Hi,

In short, the comment was wrong.  O_BINARY only disables newline
conversion, does not change encoding of the output.  I recommend "b"
file mode, which is smarter.  Whether we should update PStore is
controversial.  The discussion should move to ruby-core.

							matz.

In message "Re: File::BINARY does not behave as advertised. How do I help to fix this?"
    on Tue, 13 Sep 2011 01:47:11 +0900, Cameron Pope <camerooni / gmail.com> writes:
|
|I noticed some anamolous behavior opening files with the file mode
|flags. If the default internal encoding is set, when using the file
|mode flags to open a file, the file's external encoding is set to
|something other than ASCII-8BIT, which can cause binary file
|operations (such as Marshal.dump) to blow up.
|
|Please forgive the long message, and let me know if it would be more
|appropriate to open some issues, but since I've never posted an Ruby
|issue before, I wanted to make sure I was not being naive and that I
|understand what is really going on.
|
|Here is a simple example of what I mean:
|
|  #/usr/bin/env ruby
|  Encoding.default_internal = 'UTF-8'
|
|  File.open('test',File::CREAT | File::RDWR | File::BINARY) do |f|
|    # This should be ASCII-8BIT, right?
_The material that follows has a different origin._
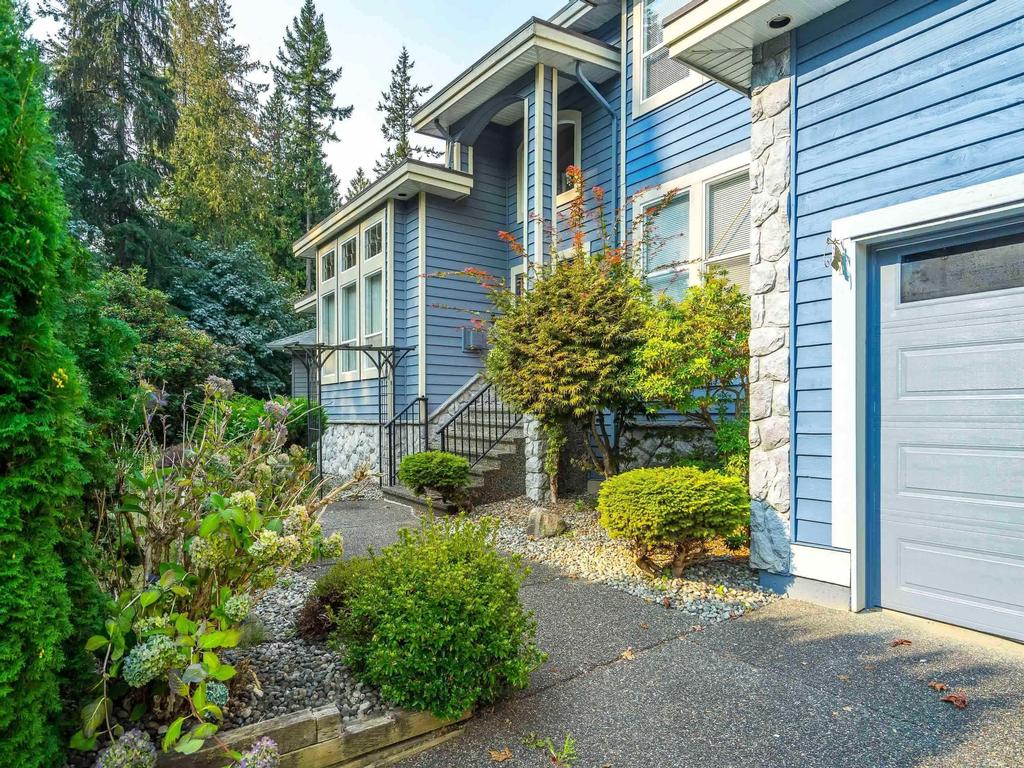 Listing Image for R3115326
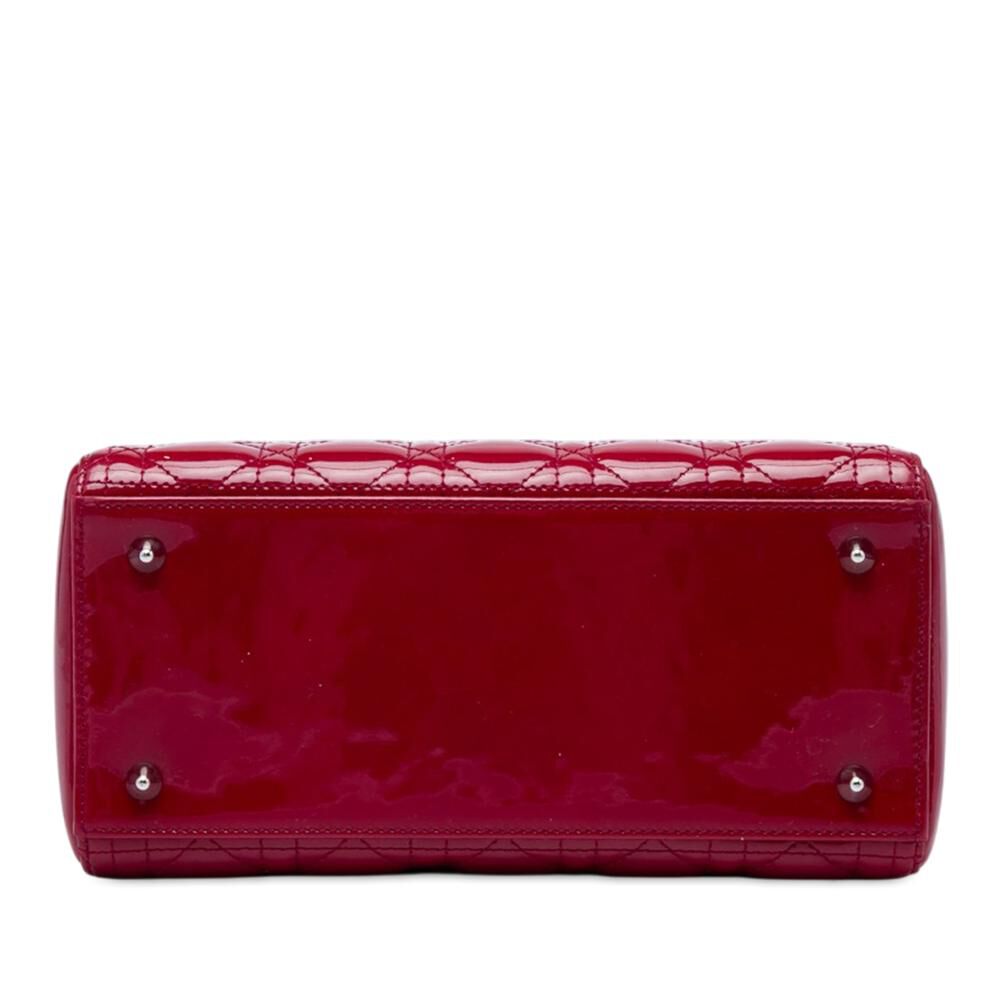 Dior Lady Dior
At least according to io.c, line 10792
|    puts "Integer Flags Encoding: #{f.external_encoding.to_s}"
|  end
|
|  File.open('test2','w+b') do |f|
|    # This actually is ASCII-8BIT
|    puts "String Mode Encoding: #{f.external_encoding.to_s}"
|  end
|
|And running it:
|
|  file-binary-test cpope$  ruby simple_file_test.rb
|  Integer Flags Encoding: UTF-8
|  String Mode Encoding: ASCII-8BIT
|
|I don't think that is the intended behavior. If I look at IO.c in the
|latest Ruby code snapshot:
|
|  --- io.c (last night's snapshot)
|  10792 #ifndef O_BINARY
|  10793 # define  O_BINARY 0
|  10794 #endif
|  10795     /* disable line code conversion and make ASCII-8BIT */
|  10796     rb_file_const("BINARY", INT2FIX(O_BINARY));
|
|As one can see above, first of all, File::BINARY will be zero in every
|case that I can suss out in the Ruby source code - there is nowhere in
|the 1.9.x codebase I can see that defines O_BINARY to be anything but
|zero, and as was empirically demonstrated above, opening a file with
|this constant will not set the encoding to ASCII-8BIT. What is really
|bad about this is when using the integer flags to open a file, there
|is not a good way to check if a developer intended for a it to be
|opened as a binary file. There is, of course, a way to manually
|specify the encoding for a file opened with the integer flags, which
|would be the right thing to do in the case above.
|
|So my first question is: How do we address this deficiency? I can't
|think of a better way than to document the 'catch' with using the
|integer flags in this case. I've noticed that many of the File
|constants aren't documented, so I'm happy to give it a shot if that's
|the best approach.
|
|But this brings us to another issue. There are some places in the Ruby
|standard library that depend on File::BINARY actually opening a file
|suitable for writing Binary data. For example, in PStore:
|
|At the top of lib/pstore.rb
|   96 class PStore
|   97   binmode = defined?(File::BINARY) ? File::BINARY : 0
|   98   RDWR_ACCESS = File::RDWR | File::CREAT | binmode
|   99   RD_ACCESS = File::RDONLY | binmode
|  100   WR_ACCESS = File::WRONLY | File::CREAT | File::TRUNC | binmode
|
|These flags are passed to the bottlenecks that open the data file for
|reading and writing. Because it is using the integer constants to
|define how the file is opened, it's not hard to make PStore blow up in
|the course or normal operation. To conserve space, I've put some
|sample code in this gist: https://gist.github.com/1211614
|
|So my second thought is that this is an issue with the PStore library,
|and that it would be appropriate to modify the file bottlenecks so
|they explicitly specify ASCII-8BIT as the file encoding. Is there any
|reason that I'm off target and I should not log that as an issue with
|a test and a patch?
|
|Apologies in advance if I am using the wrong forum or am totally
|off-base with my questions.
|
|Thank you for your time,
|Cameron